→ What the task requires:
Would you reproduce the entries that follow exactly as they appear?

── Entries shown

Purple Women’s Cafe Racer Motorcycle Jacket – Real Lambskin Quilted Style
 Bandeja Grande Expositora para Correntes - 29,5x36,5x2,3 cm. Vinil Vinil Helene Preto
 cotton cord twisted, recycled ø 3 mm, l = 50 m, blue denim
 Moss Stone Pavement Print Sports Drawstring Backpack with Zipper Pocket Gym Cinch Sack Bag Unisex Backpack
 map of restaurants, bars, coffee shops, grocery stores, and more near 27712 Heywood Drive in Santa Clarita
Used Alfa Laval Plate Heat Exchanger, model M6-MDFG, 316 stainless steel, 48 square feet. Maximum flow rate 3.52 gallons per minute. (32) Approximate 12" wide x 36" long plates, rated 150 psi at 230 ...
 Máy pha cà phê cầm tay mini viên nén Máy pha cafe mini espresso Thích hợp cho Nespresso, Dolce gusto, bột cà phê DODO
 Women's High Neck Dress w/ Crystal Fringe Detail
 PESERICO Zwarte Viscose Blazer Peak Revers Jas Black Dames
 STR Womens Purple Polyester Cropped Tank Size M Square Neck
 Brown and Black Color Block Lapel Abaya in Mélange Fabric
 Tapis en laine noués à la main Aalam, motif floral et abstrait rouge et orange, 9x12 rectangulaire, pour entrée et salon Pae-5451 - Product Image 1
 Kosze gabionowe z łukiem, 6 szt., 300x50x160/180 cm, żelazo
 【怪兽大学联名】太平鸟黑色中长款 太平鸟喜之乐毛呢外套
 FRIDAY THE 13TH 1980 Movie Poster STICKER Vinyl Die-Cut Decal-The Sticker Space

────

→ Output for this exercise:
Purple Women’s Cafe Racer Motorcycle Jacket – Real Lambskin Quilted Style
 Bandeja Grande Expositora para Correntes - 29,5x36,5x2,3 cm. Vinil Vinil Helene Preto
 cotton cord twisted, recycled ø 3 mm, l = 50 m, blue denim
 Moss Stone Pavement Print Sports Drawstring Backpack with Zipper Pocket Gym Cinch Sack Bag Unisex Backpack
 map of restaurants, bars, coffee shops, grocery stores, and more near 27712 Heywood Drive in Santa Clarita
Used Alfa Laval Plate Heat Exchanger, model M6-MDFG, 316 stainless steel, 48 square feet. Maximum flow rate 3.52 gallons per minute. (32) Approximate 12" wide x 36" long plates, rated 150 psi at 230 ...
 Máy pha cà phê cầm tay mini viên nén Máy pha cafe mini espresso Thích hợp cho Nespresso, Dolce gusto, bột cà phê DODO
 Women's High Neck Dress w/ Crystal Fringe Detail
 PESERICO Zwarte Viscose Blazer Peak Revers Jas Black Dames
 STR Womens Purple Polyester Cropped Tank Size M Square Neck
 Brown and Black Color Block Lapel Abaya in Mélange Fabric
 Tapis en laine noués à la main Aalam, motif floral et abstrait rouge et orange, 9x12 rectangulaire, pour entrée et salon Pae-5451 - Product Image 1
 Kosze gabionowe z łukiem, 6 szt., 300x50x160/180 cm, żelazo
 【怪兽大学联名】太平鸟黑色中长款 太平鸟喜之乐毛呢外套
 FRIDAY THE 13TH 1980 Movie Poster STICKER Vinyl Die-Cut Decal-The Sticker Space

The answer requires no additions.